_DATA SHOWN_:
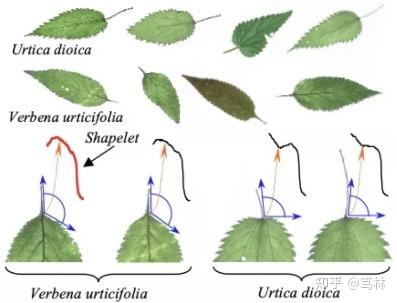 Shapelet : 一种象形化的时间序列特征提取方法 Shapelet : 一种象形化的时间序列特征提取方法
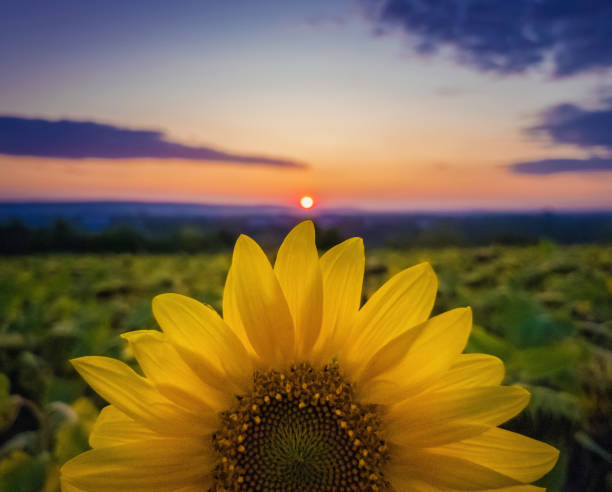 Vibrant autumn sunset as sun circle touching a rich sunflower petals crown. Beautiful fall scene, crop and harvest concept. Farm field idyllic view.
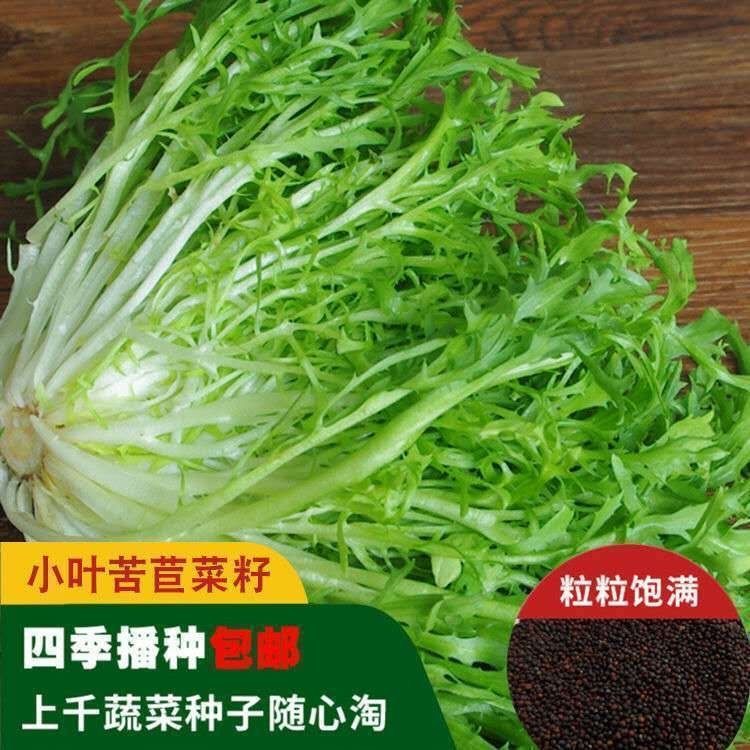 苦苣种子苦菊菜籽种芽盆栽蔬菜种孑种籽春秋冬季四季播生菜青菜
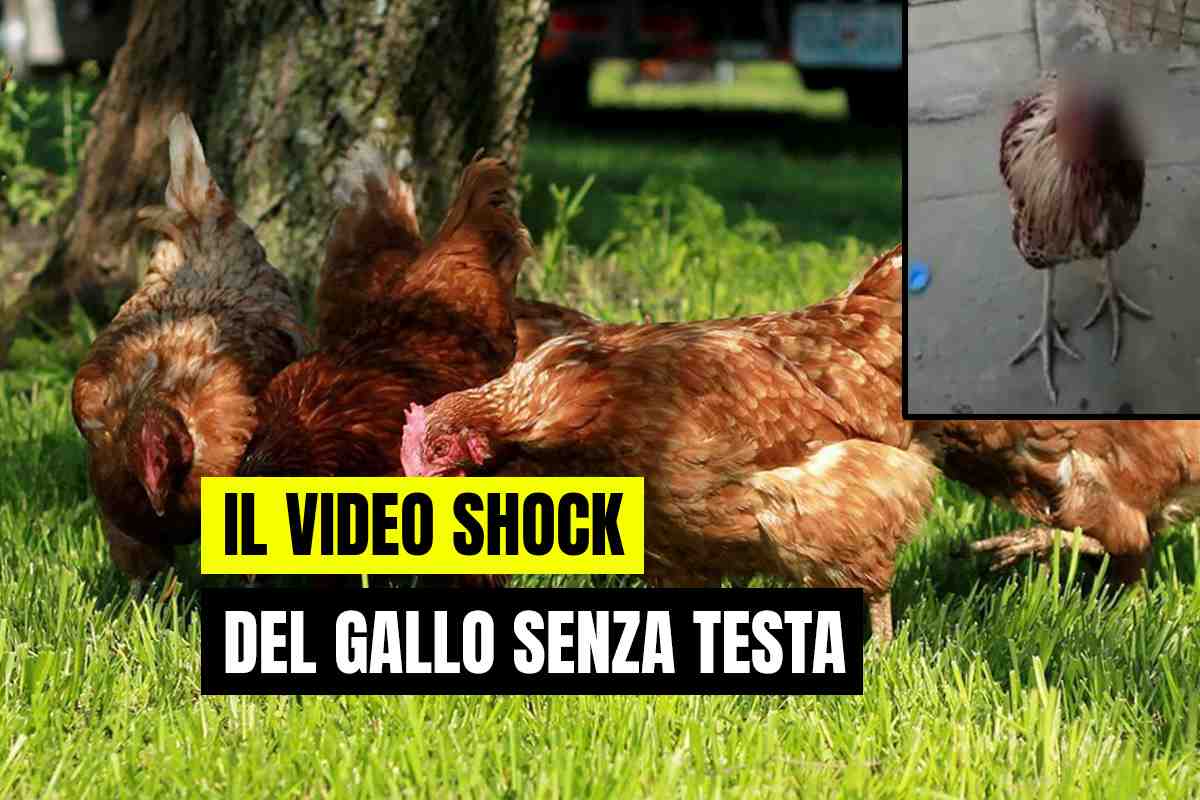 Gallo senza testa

_EXERCISE DESCRIPTION_:
Copy out all the data above exactly as written. Skip the pictures.

_SOLUTION FOR THIS PROBLEM_:
 Shapelet : 一种象形化的时间序列特征提取方法 Shapelet : 一种象形化的时间序列特征提取方法
 Vibrant autumn sunset as sun circle touching a rich sunflower petals crown. Beautiful fall scene, crop and harvest concept. Farm field idyllic view.
 苦苣种子苦菊菜籽种芽盆栽蔬菜种孑种籽春秋冬季四季播生菜青菜
 Gallo senza testa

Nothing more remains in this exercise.